**GOAL OF THE EXERCISE:** If the records below hold pictures, omit them, and print exactly the lines from the first line through the line containing "Postel nebo postele", inclusive.

*****

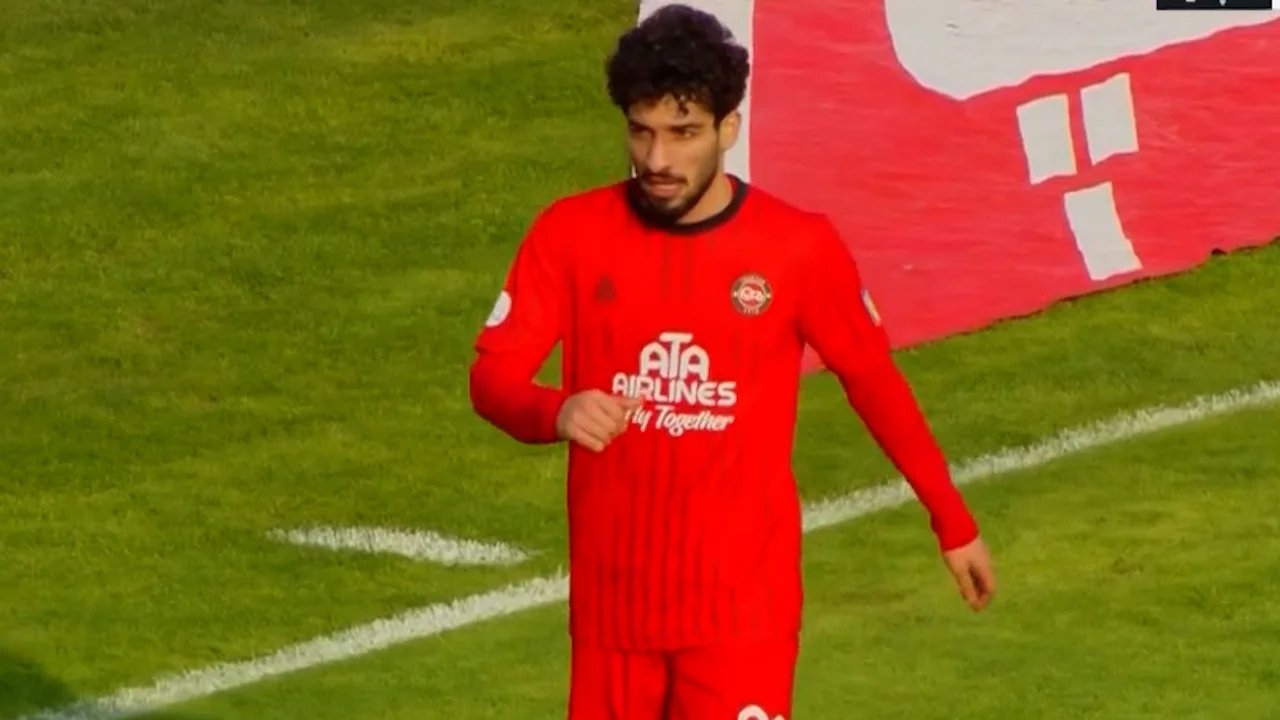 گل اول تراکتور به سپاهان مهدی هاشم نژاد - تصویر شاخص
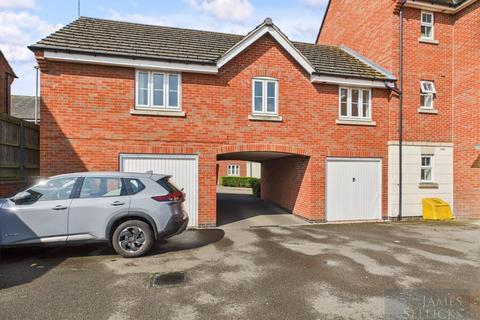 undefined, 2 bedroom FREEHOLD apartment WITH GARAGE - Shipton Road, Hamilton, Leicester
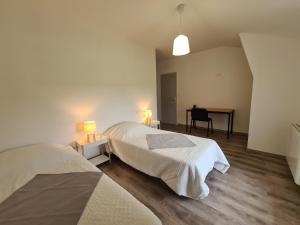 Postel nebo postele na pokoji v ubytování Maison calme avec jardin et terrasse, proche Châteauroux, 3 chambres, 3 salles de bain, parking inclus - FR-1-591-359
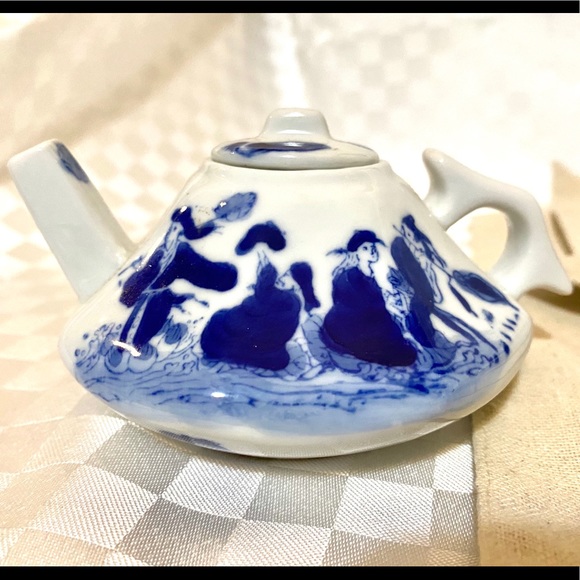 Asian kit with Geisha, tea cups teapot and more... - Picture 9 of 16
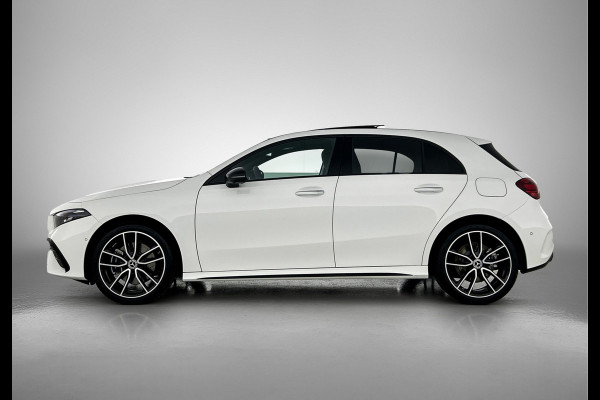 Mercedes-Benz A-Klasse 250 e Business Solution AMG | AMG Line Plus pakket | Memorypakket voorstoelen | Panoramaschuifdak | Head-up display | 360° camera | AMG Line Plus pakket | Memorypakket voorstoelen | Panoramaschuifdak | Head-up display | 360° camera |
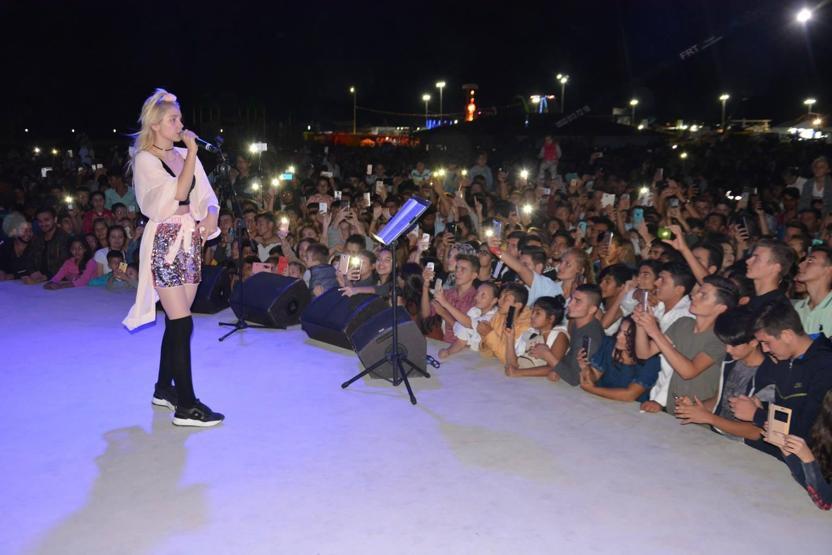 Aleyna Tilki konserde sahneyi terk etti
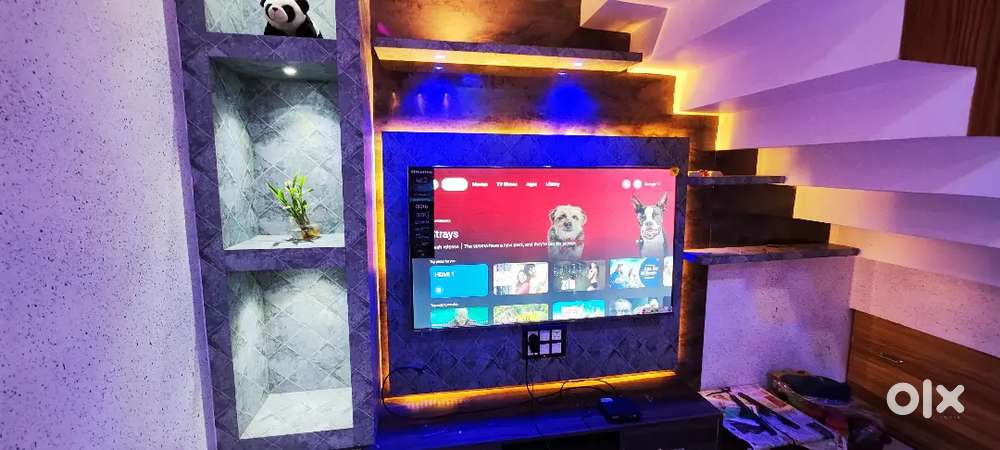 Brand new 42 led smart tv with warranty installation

*****

**EXERCISE RESULT:**
 گل اول تراکتور به سپاهان مهدی هاشم نژاد - تصویر شاخص
 undefined, 2 bedroom FREEHOLD apartment WITH GARAGE - Shipton Road, Hamilton, Leicester
 Postel nebo postele na pokoji v ubytování Maison calme avec jardin et terrasse, proche Châteauroux, 3 chambres, 3 salles de bain, parking inclus - FR-1-591-359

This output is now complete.